January 12, 2004

Viva Mexico!

The arguments for and against President Bush's immigration proposals are all over the map, so to speak. Frankly, they bore me, as both sides seem to lean towards their own completely unrealistic solutions. The "Right" fringe wants to close the borders and throw all the non-citizens out. The "Left" fringe wants some sort of utopia that effectively would do away with borders or any concept of citizenship requirements. Neither is practical or possible.

Personally, while I would lean towards a principled law and order solution, the simple fact of the matter is that there is not now, nor is there ever likely to be, the political will to round up 7-9 million people, deport them, and then monitor the borders closely enough to keep them out. And that's not even considering the potential destabilizing impact to Mexico if we actually tried to do it, which strongly argues against doing anything rash. I have no sympathy for the businesses, agribusinesses and other pampered folks who depend on cheap, undocumented workers to do tasks they may now have to pay a fair wage to get done.

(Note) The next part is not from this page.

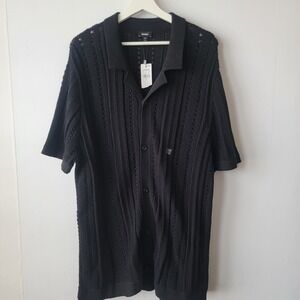 express men's Pointelle Camp Collar Short Sleeve Sweater size XL Polo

But I do have a modest proposal that would make almost all of the current arguments moot. Let's incorporate Mexico into the United States. Since Mexico has a little more than 1/3 the population of the US, but a little less than 1/4 the area, lets compromise and turn it into 15 states, number 51 though 65. Before you close your mind completely to this, look at the advantages.

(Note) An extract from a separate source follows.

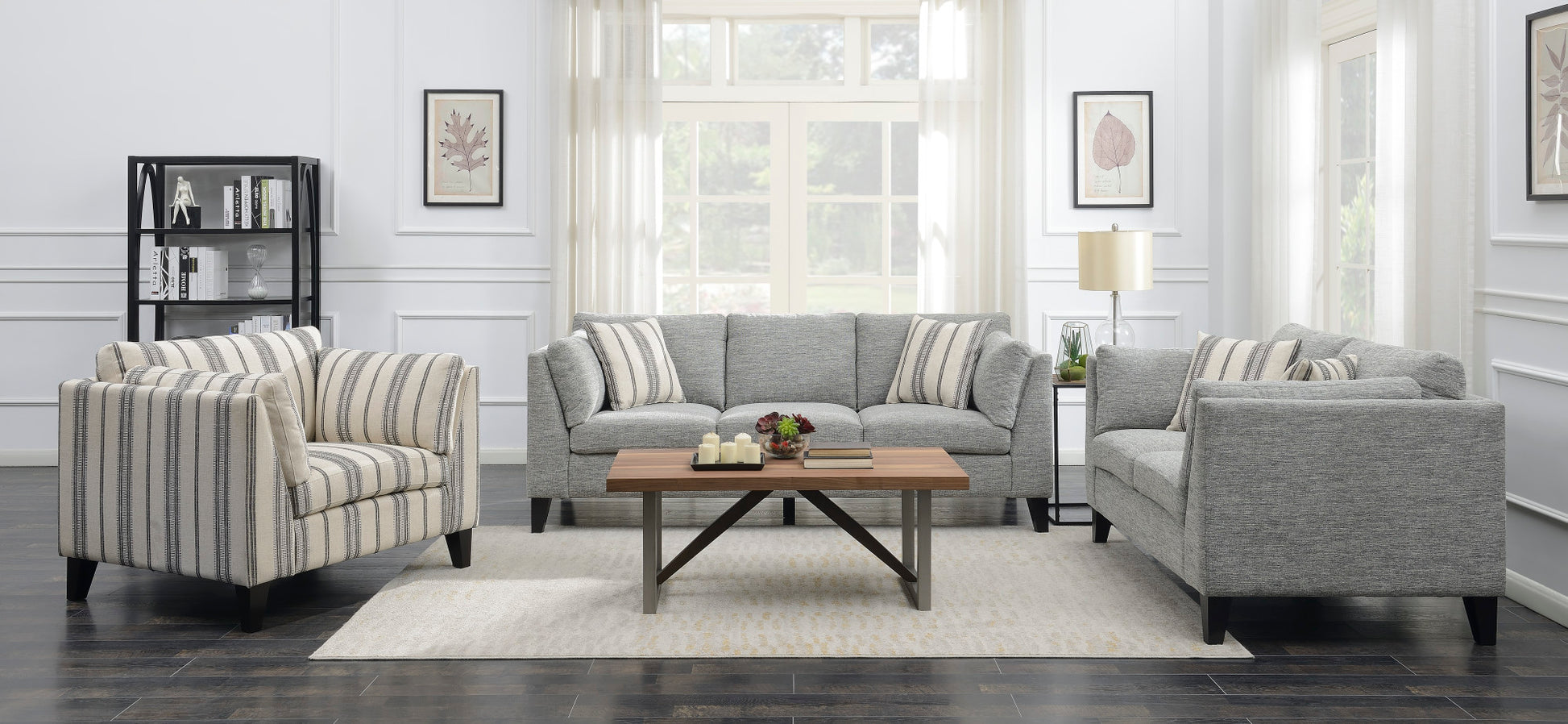 3 Seat Gray Fabric Sofa - 84" Wide for Living Room Apartments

1. The whole argument about illegal aliens disappears for about 95% of all immigrants in this country today.

2. The biggest part of the INS can be redirected towards real immigration and terrorism problems.

3. The length of the land border we would have to protect shrinks from about 2,000 miles down to less than 500 (Mexico's border with Guatemala and Belize).

4. It would be a great positive for many, many Mexicans, raising their standard of living very quickly, with labor and environmental laws in the US applied broadly across "the border."

5. Complaints about losing jobs to foreigners because of unfair labor laws and bad environmental practices as a result of NAFTA can be done away with.

6. As part of the USA, the mass migration of the unemployed to El Norte would probably diminish considerably.

7. We can drop the huge amounts of hypocricy that currently dominate any rational discussion of the problems and their solutions.

8. We'll get to see a sort of transnational progressivism implemented according to the rule of law, maintaining the values we cherish, instead of having it imposed on us by illiberal utopian statists.

9. We'll get a few more days off each year, starting with Cinco de Mayo.

10. We can deal with Canada in about 15 years if we can make it work with Mexico.

I'm sure there are some negative aspects of such a bold move, but remember, we have absorbed a predominantly Spanish-speaking independent country before, and I don't think Texas worked out all that badly.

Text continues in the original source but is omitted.